This season, with the addition of three new lifts, including the €45million 1.8-km Flexenbahn gondola, St. Anton and the neighbouring resorts of the Arlberg that blend into each other (St. Christoph, Stuben, Lech, Zürs, Klösterle/Sonnenkopf, Schröcken and Warth) will now be interconnected without the need of shuttle buses, making the St. Anton am Arlberg domain Austria’s largest. (And all for about CDN$65 a day, including tax, on a six-day pass.) Suffice it to say, even with locals and mountain guides, piste maps and guidebooks, six days was only enough time to get Adam and me regularly confused about our whereabouts—and almost giddy while playing lost and found.

Accompanying these numbers is a staggering and varied lift infrastructure. Although the Galzigbahn supersize gondola in town is now a decade old, it remains an engineering marvel. Under four stories of glass at its base, the showcase technology loads 24 skiers per gondola then incorporates a Ferris-wheel design to raise everyone up about 15 metres before reattaching to a pulling cable that whisks you two km up into the alpine.

Juxtapositioned against St. Anton’s Ferris-wheels and seats heated by Porsche is the leaf-like Valluga II cable car. Capacity: four. Well, three plus a mountain guide. As mighty as the Galzigbahn is at St. Anton’s base, it’s this little tin can of a lift that takes you to the Arlberg’s highest peak, Valluga at 2,811m. If you want to bring your skis onboard, you have to be accompanied by a qualified mountain guide because to reach the starting point of the routes down to Zürs on our low-snow year required roping in or, at the minimum, closely watched guiding.

And this is where Adam and I found ourselves the next day. Billygoating along with skis on our packs again, the wind blowing yours truly and my hefty 133 pounds about while I question how long my clenched hands will maintain a decent grip on a smooth cable bolted into the mountain. Each step in our ski boots on rock, ice and scree is precarious. I wonder if I’ll take out two of the 20-somethings below me at the same time or if the other two above me will start the ball rolling in this scary conga line. A fall to the left and they’ll find me on the Stuben side; if I slide off to the right, I’ll end up toward Zürs. Best not to fall. Or look down.

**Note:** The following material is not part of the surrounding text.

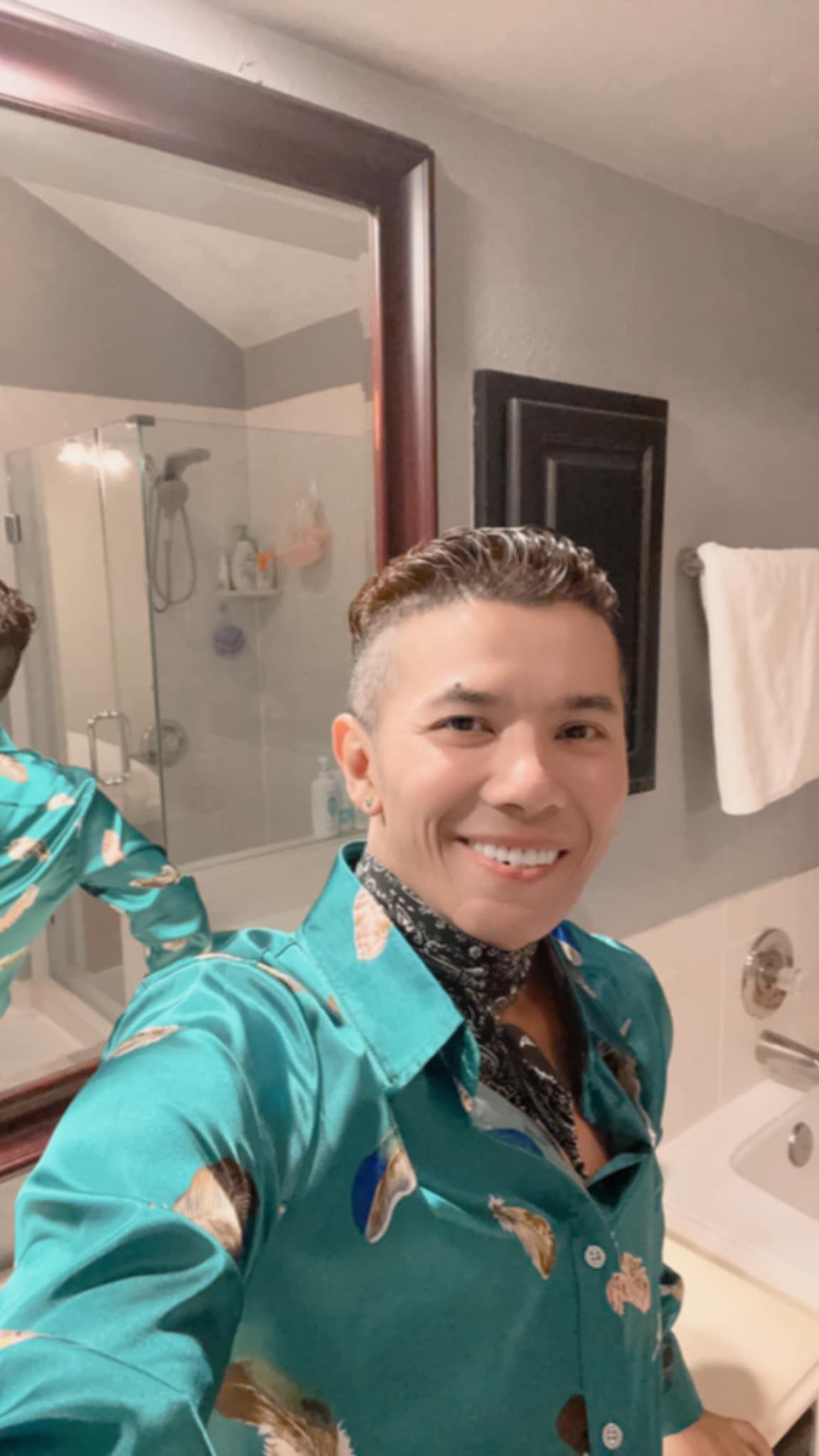 Lý do khiến Kasim Hoàng Vũ mặt biến dạng, phải phẫu thuật xương hàm và cổ - Ảnh 2.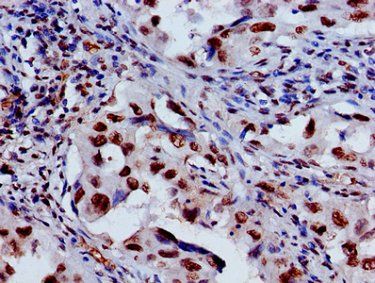 HIST1H3A (Ab-27) Antibody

The surprisingly soft conditions we eventually reached, along with correspondingly spectacular views, terrain and the general feeling of accomplishment, of course made it all worth it. And with Adam regularly starting and stopping day two’s troop of smiley young freeride rats to set up photos, I’m actually able to appreciate my surroundings more than if I’m with a gang of charging buddies. Within a few minutes of clicking into our bindings again, we don’t see another human for more than an hour.

It had been on yesterday’s bus ride from town back up to the Hotel Karl Schranz to meet up with Ski Canada readers and hear about their first-day adventures that I had started chatting with a blond Swedish kid decked head-to-toe in bright yellow Peak Performance kit. Only a decent skier could pull off the wearing of a €1,000 banana suit like this, I thought, so with photo models in mind I asked him in a less-creepy-than-it-sounds kinda way if he ever ski-modelled. Today being his only day off he declined, but set us up with two more fair-haired Swedes, Arbin and Arvid, whom Adam and I collectively called Alvin. Our posse of ski stars was added to later that night in town, where I found Felix from Frankfurt working in a ski shop and his friend Lovisa.

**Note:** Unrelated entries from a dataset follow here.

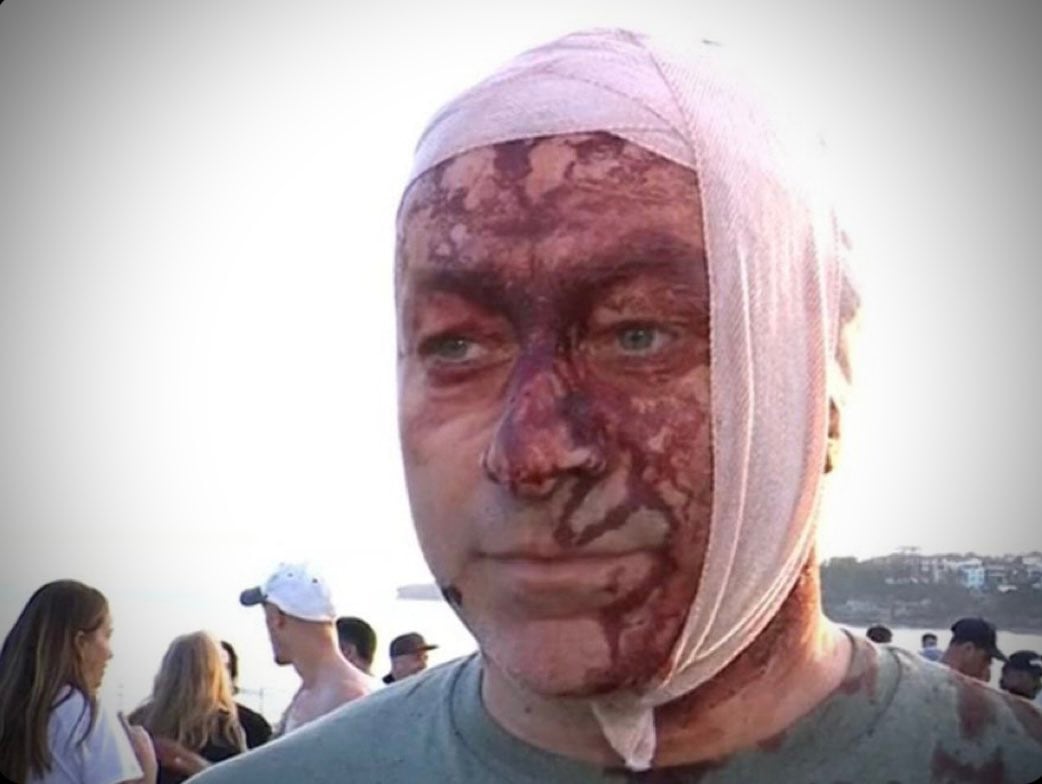 Una de las víctimas del atentado en Australia también sobrevivió al ataque de Hamas el 7 de octubre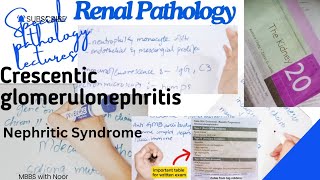 crescentic glomerulonephritis  renal pathology  nephritic syndrome  Drsamcrest [upl. by Nairb]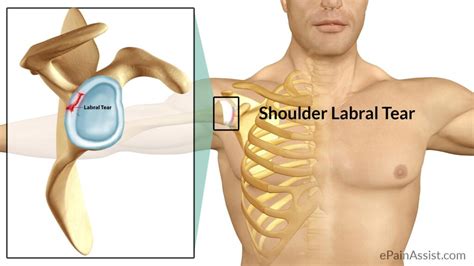 SHOULDER LABRAL TEAR - MOTUS Physical Therapy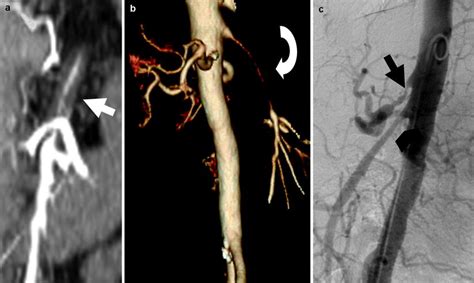 Mesenteric Vasculitis Thoracic Key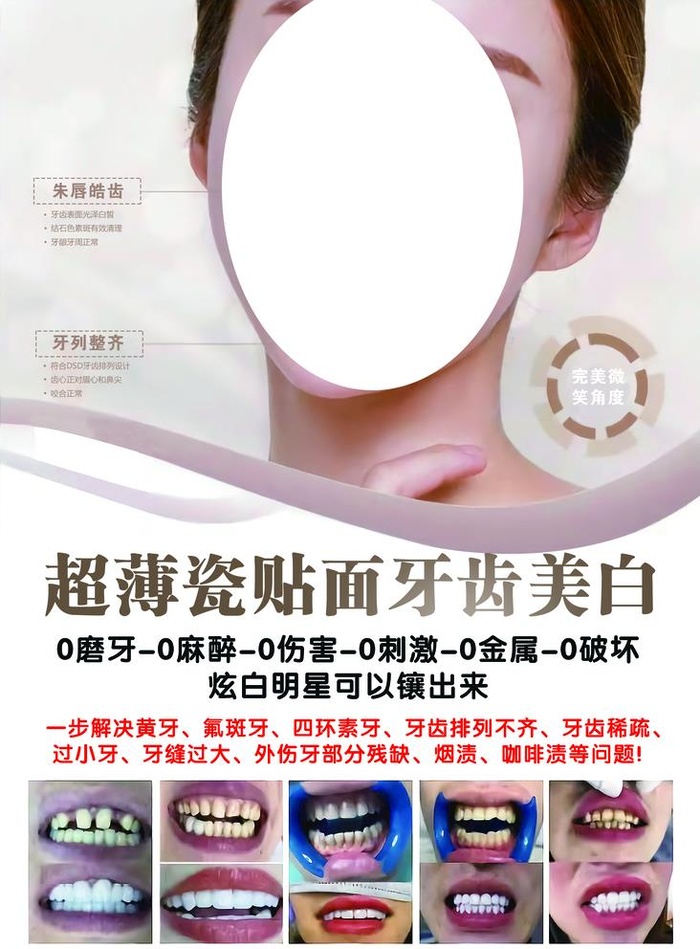 牙齿美白海报图片(1969x2756)psd模版下载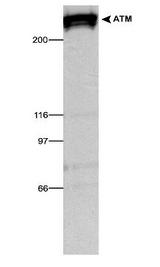 ATM Antibody - Western blot analysis using ATM antibody on an ATM and non-ATM patient sample. (1:1,000 primary dilution).  This image was taken for the unconjugated form of this product. Other forms have not been tested.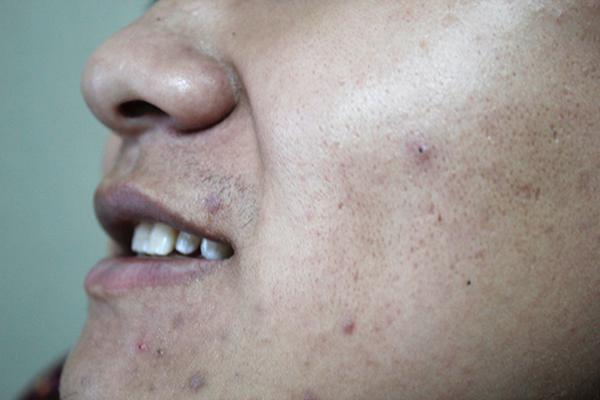 为什么会长痘痘痔疮,为什么会长痘痘还疼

As I’ve recommended to many friends heading off to ski the Alps, the hiring of a mountain guide or a less-expensive ski instructor will exponentially expand your ski experience for the better. Even strong intermediates can experience the wonders of off-piste skiing and, most important, hired help will bring you back in one piece. In our case, Maris the mountain guide had joined our rat pack for the day. Curiously, our patient and observant man-in-charge hailed from the U.S. Pacific Northwest but after marrying a local Austrian Fräuline, moved in down the valley.

The Arlberg is now Maris’s backyard and playground, and Adam and I marvelled at how how totally and utterly lost we would be if at any point we zigged when he zagged. Not a worry, though, when ski photography is involved. The day was anything but fast moving. And not only did the boys not need to be encouraged to hike up to untouched powder, they regularly suggested photo ops and were happy to wallow up hip-deep snow in hopes of adding images to their Instagram and Facebook accounts.

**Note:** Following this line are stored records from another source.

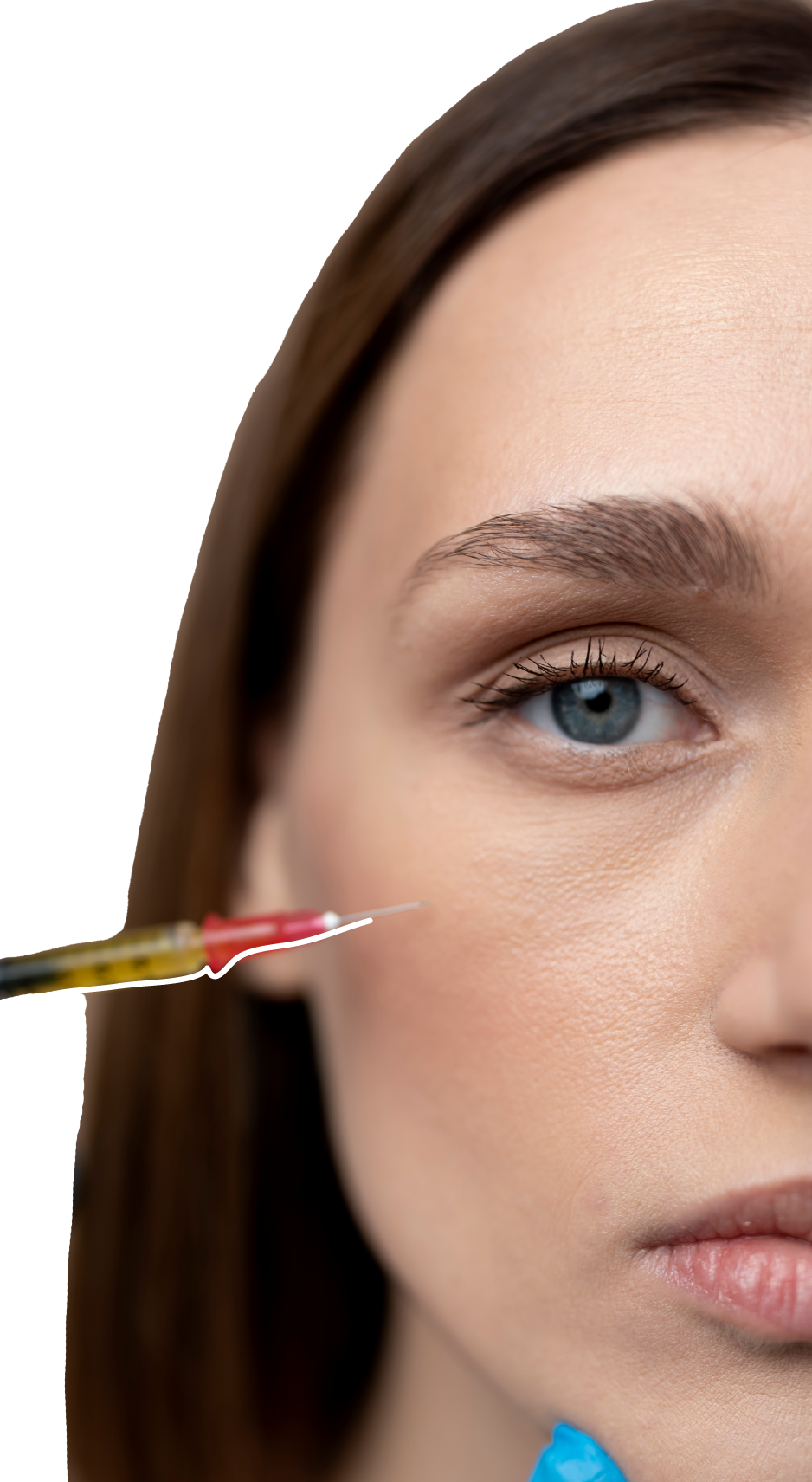 Pacjentka po zabiegu medycyny estetycznej - ostrzykiwanie fibryną w Krakowie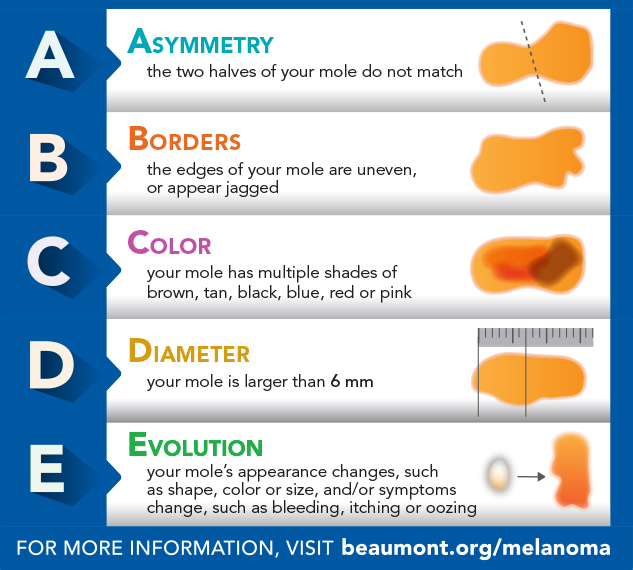 melanoma-infographic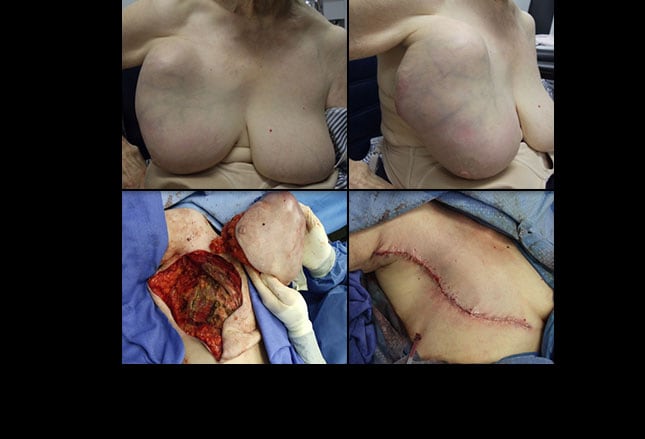 File:Breast reconstruction (4).jpg - Wikimedia Commons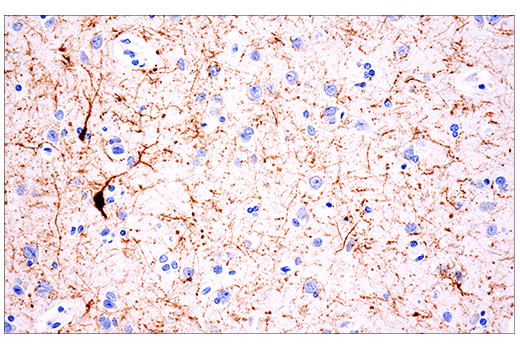 Immunohistochemistry Image 1: Calretinin (E7R6O) Rabbit Monoclonal Antibody (BSA and Azide Free)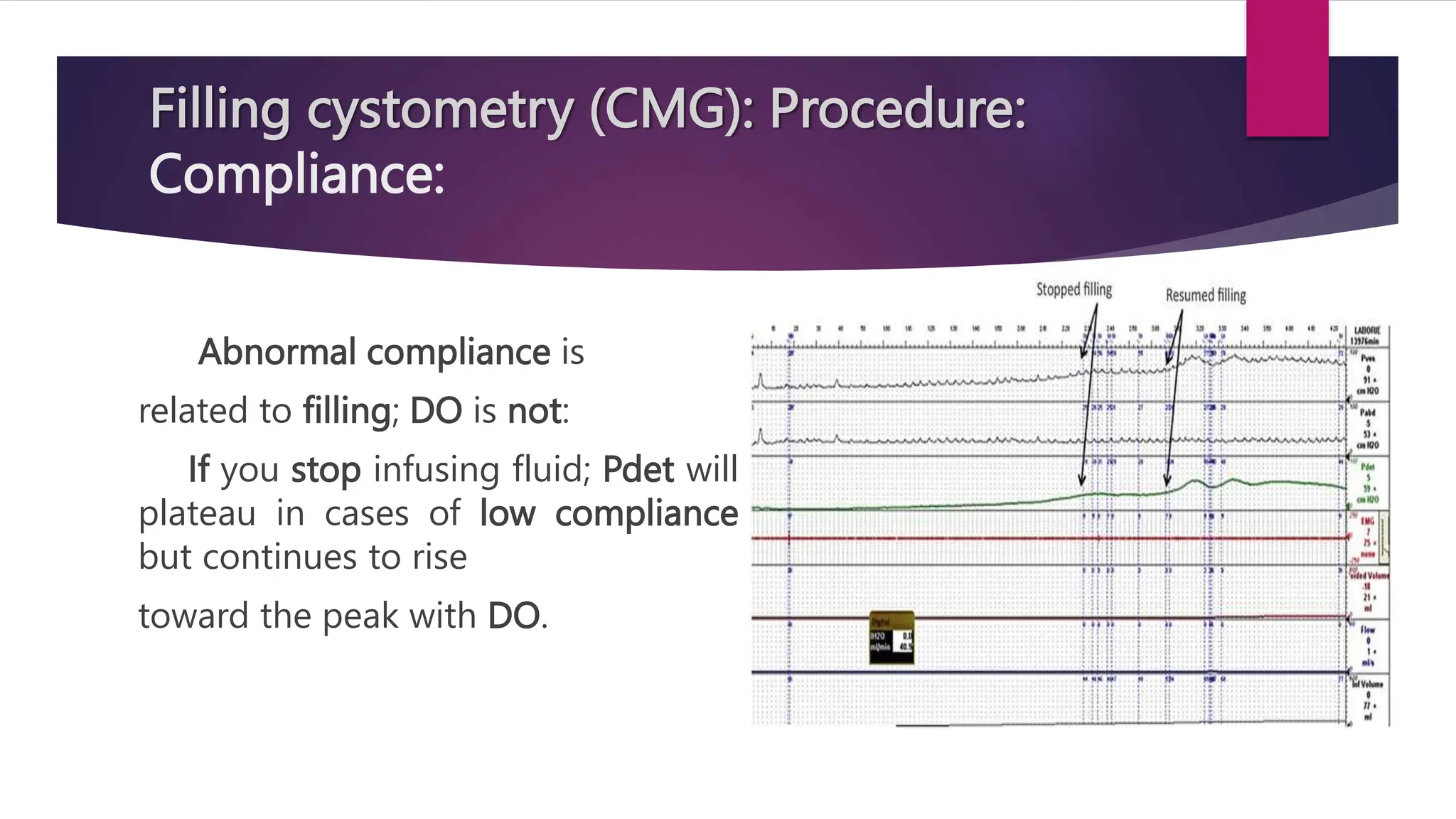 Filling cystometry (CMG): Procedure:
Compliance:
Abnormal compliance is
related to filling; DO is not:
If you stop infusing fluid; Pdet will
plateau in cases of low compliance
but continues to rise
toward the peak with DO.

“Kodak courage” is what we used to call hair-brained moves young mostly-male skiers would muster up for a camera lens. The term was lost on our Swedish and German charges, given the once mighty photo empire was quickly spiralling into oblivion when they were born. Nevertheless, they’re part of a “See Me” generation like no other, and when combined with spending the season in the Arlberg with countless other Alvin chipmunks, limits on skis are pushed like never before. This was the first day the boys had skied with a mountain guide, for instance. Regularly, and without warning, they would soar overhead, inverted, with no pre-emptive landing check. I wondered if today’s courage also comes from wearing a helmet and avalanche airbag pack—and carrying a mobile phone.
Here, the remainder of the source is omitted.